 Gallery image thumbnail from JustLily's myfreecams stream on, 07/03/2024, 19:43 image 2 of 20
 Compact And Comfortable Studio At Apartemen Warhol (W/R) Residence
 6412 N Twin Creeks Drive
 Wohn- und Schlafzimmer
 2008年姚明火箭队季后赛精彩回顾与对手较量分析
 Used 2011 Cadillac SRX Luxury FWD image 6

--

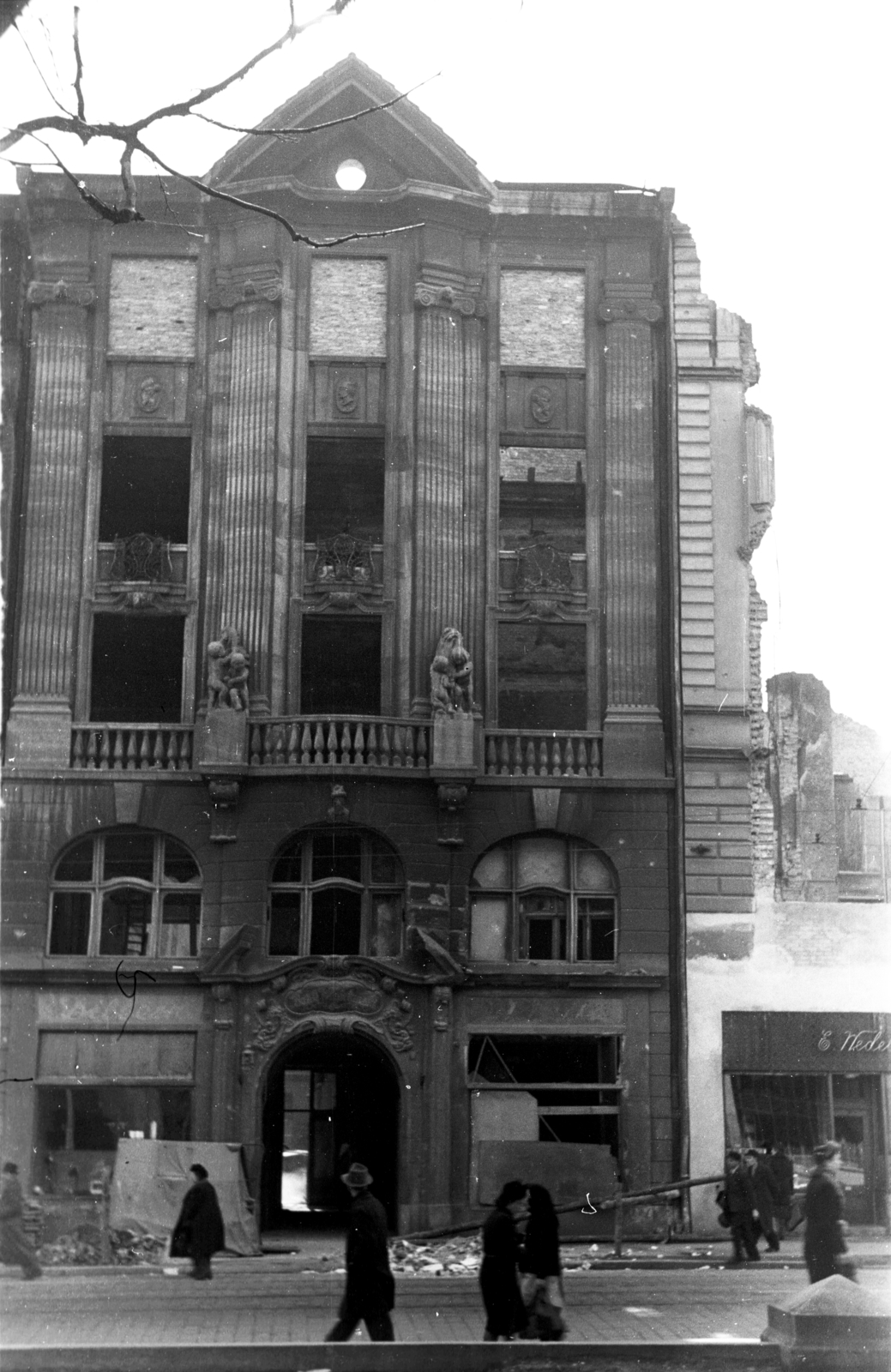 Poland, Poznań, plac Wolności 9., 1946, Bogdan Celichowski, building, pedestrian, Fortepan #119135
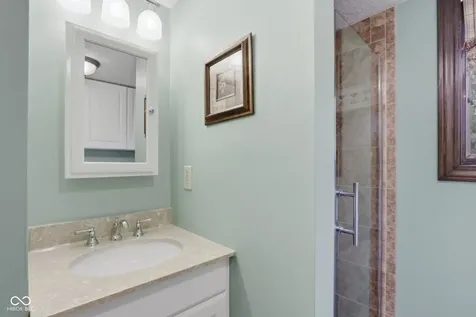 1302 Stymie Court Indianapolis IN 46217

▸ ASSIGNED TASK
Would you quote everything above from the line containing "Gallery image thumbnail" down to the line containing "Used 2011 Cadillac SRX Luxury FWD image 6"? Include both of those lines and nothing else.

▸ RESULT
 Gallery image thumbnail from JustLily's myfreecams stream on, 07/03/2024, 19:43 image 2 of 20
 Compact And Comfortable Studio At Apartemen Warhol (W/R) Residence
 6412 N Twin Creeks Drive
 Wohn- und Schlafzimmer
 2008年姚明火箭队季后赛精彩回顾与对手较量分析
 Used 2011 Cadillac SRX Luxury FWD image 6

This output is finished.